Everyone and the Other

For centuries business evolved looking to standardize itself. From the creation of currency trading in Northern Europe to Holland's stock markets in the 1600s to the birth of farm future contracts in Chicago.

Non-standard contracts make news when they are profitable like selling mortgages to the Amish or micro-finance.

And nowadays, the powerful machine of marketing and branding seems to override general accepted Truths built over centuries.

Customized contracts that have left clients and whole municipalities bankrupt have been the norm.
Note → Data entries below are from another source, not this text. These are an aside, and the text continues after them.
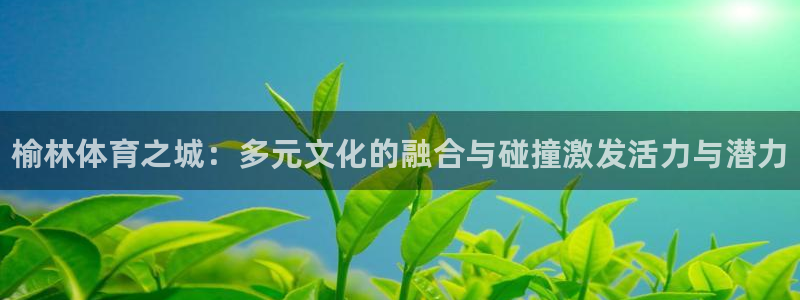 谈球吧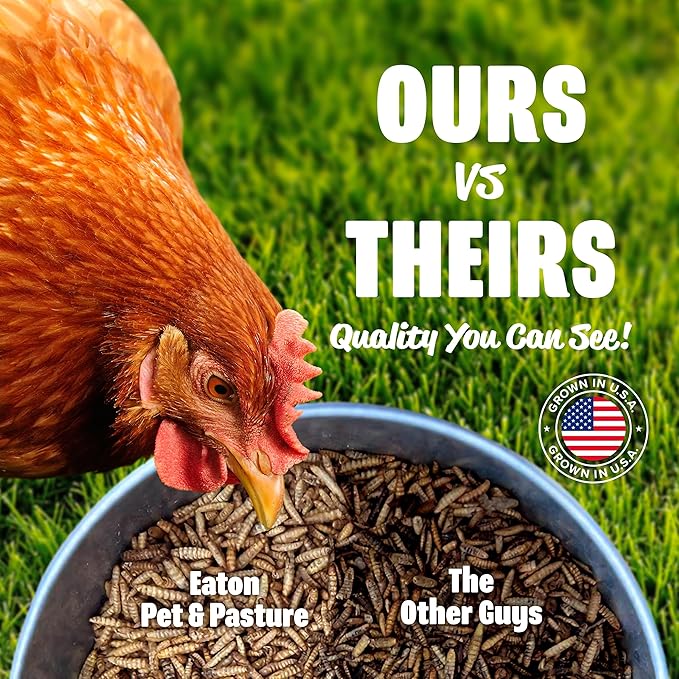 Eaton Pet and Pasture Premium Grubs USA Grown Dried Black Soldier Fly Larvae High Calcium Treat for Chickens Ducks Wild Birds (5 LB)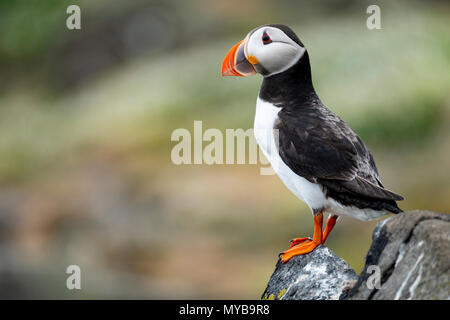 Papageitaucher auf Insel kann National Nature Reserve, Erhabene, Schottland, Großbritannien Stockfoto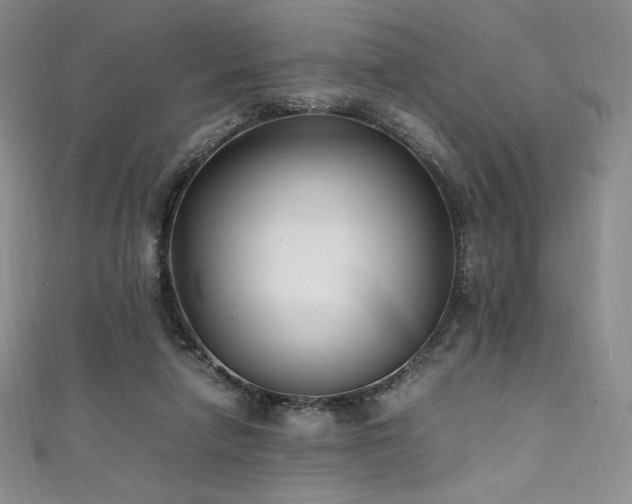 X0000111530258200907141534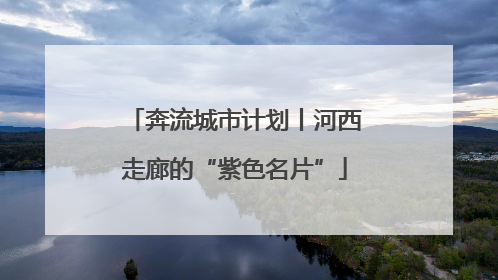 奔流城市计划丨河西走廊的“紫色名片”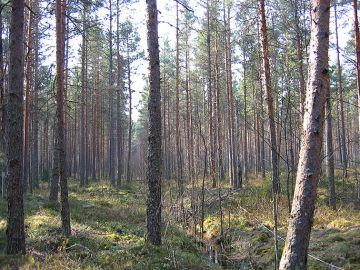 Jos Uudellamaalla sijaitseva männikkö uudistetaan avohakaten, vanhojen ojien kuivatusteho ei riitä, vaan pohjavesi nousee pintaan. (Kuvaaja: Hannu Hökkä  Luke)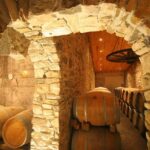 Château Villemagne: Tour of the cellar and tasting of our wines. - Final Thoughts
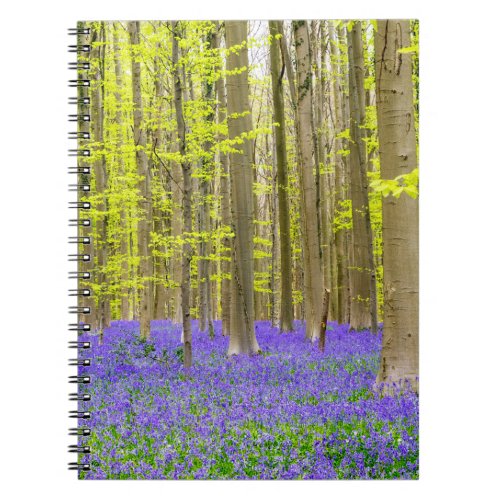 Spring in the Blue Forest Notebook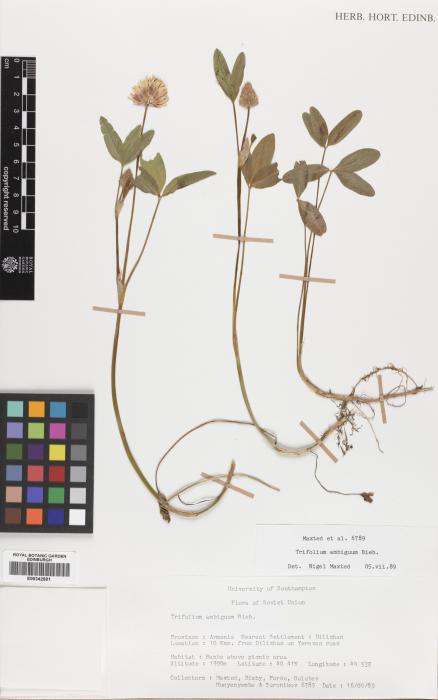 Trifolium ambiguum image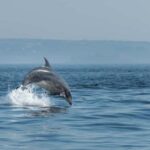 Molène Archipelago: Sea trips from Crozon. Seals, dolphins, - Practical Details and Tips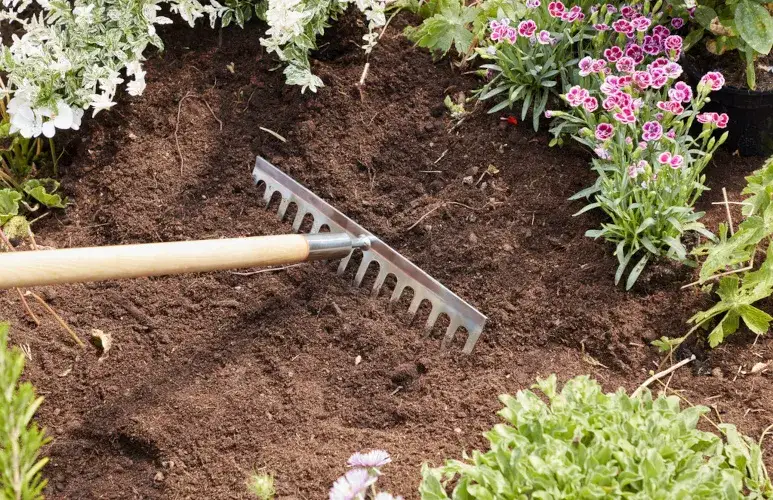 Zdjęcie Czy można siać trawę we wrześniu? Oto najlepsze warunki i porady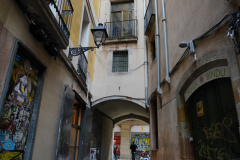 DSC08387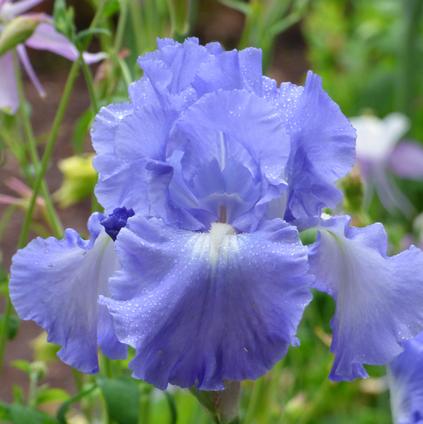 Iris Germanica 'Victoria Falls' 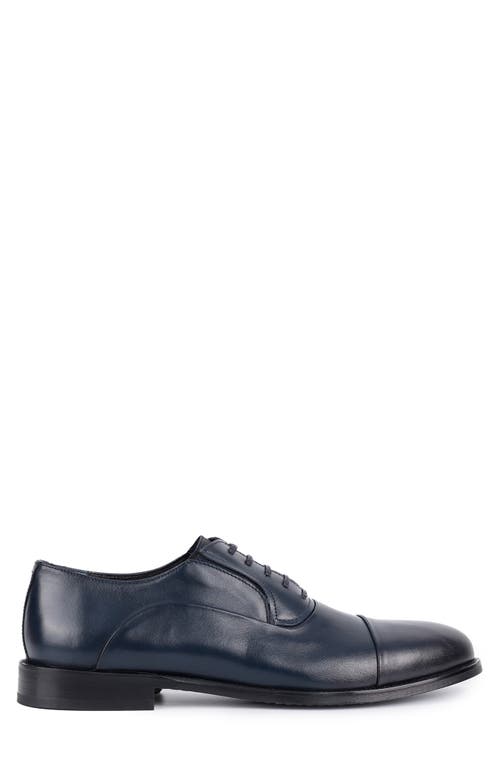 Vellapais Otto Oxford In Navy Blue
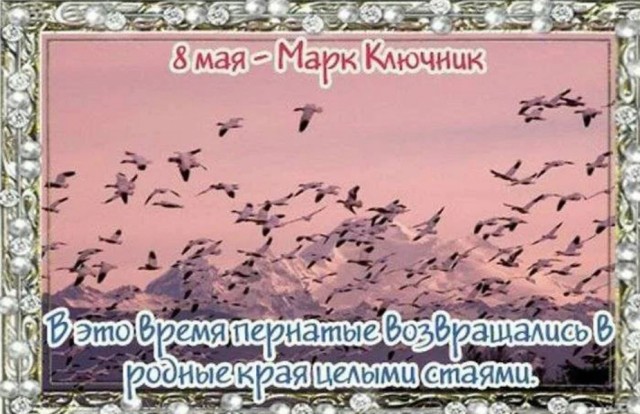 Победная поступь идиотизма по планете – том 14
The word liquidity was deleted as consideration when packaging the sale for special clients who deserved one on one undivided attention but end up buying sure losses.

It is like a plague of unlearning has hit the world in the last 10 years. All the sudden automated trading has been a middle man in the transactions even on the trading platforms that advertised it differently.

And now, even traders are blindsided because every party believes they are the other. They believe they are outside the system. This is a belief that has been built on the moment of sale. A believe that every buyer or seller is part of the inner circle; therefore, standardization doesn't apply to them.

And...the system is believing their own pitch by allowing this sense of insider grouping. Regulation can't rewire the system.

We are again on a cycle propelled by the networks. And no government or agency can track these "specialties."

The one-hour walk out of traders in Chicago is a sign that the system is contradictory. A customized large trade bypassed the trading floor without even posting prices. Either traders and real capitalism are a sign of the past, or the system is completely forgetting why it was built.